A new paper titled “Quality-Diversity Generative Sampling for Learning with Synthetic Data” by computer science researchers from the University of Southern California proposes a novel approach to mitigate bias in ML model training, especially specifically in image generation. According to Techxplore, the researchers used a family of algorithms called “quality-diversity algorithms” (or QD algorithms) to create diverse synthetic datasets that can strategically “plug the gaps” in real-world training data.

Lead author of the paper Allen Chang said: “I think it is our responsibility as computer scientists to better protect all communities, including minority or less frequent groups, in the systems we design. We hope that quality-diversity optimization can help to generate fair synthetic data for broad impacts in medical applications and other types of AI systems.”

AI has been used in the past to create synthetic data, but it can be problematic since it introduces a danger of producing biased data, which can further bias downstream models, creating a vicious cycle. However, quality diversity (QD) algorithms can be used to generate diverse solutions to a problem, and in this case they were used to solve the problem of creating diverse synthetic datasets.

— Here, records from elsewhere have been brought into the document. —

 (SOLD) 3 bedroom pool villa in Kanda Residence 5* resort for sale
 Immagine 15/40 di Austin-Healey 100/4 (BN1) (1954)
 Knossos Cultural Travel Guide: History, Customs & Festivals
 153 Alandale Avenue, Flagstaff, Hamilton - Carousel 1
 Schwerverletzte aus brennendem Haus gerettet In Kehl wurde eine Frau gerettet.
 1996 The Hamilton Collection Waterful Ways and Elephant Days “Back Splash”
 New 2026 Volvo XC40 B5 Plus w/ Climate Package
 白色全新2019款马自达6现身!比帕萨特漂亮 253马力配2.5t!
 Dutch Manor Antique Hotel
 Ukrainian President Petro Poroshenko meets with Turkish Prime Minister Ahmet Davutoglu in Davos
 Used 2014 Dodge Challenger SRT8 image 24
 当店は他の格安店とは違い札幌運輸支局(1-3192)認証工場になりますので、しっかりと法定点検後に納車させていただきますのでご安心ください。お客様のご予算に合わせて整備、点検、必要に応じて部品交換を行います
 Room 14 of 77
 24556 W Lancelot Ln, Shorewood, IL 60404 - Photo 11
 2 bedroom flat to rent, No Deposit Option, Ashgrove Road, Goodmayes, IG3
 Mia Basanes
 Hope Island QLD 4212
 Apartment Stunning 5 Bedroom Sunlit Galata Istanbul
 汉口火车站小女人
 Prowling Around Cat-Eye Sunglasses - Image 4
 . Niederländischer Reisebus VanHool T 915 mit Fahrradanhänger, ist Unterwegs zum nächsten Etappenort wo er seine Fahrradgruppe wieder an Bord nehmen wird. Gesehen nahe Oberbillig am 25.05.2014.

This way the researchers managed to generate a diverse dataset of around 50,000 images in 17 hours, which was then successfully tested on up to four measures of diversity—skin tone, gender presentation, age, and hair length.

Chang explains: “This is a promising direction for augmenting models with bias-aware sampling, which we hope can help AI systems perform accurately for all users.”

This method especially increases the representation of intersectional groups (groups with multiple identities) in the data, like dark-skinned people wearing glasses.

This discovery shows for the first time that generative models can use quality diversity to repair biased classifiers. This work is a first step in the direction of enabling biased models to ‘self-repair” by iteratively generating and retraining on synthetic data.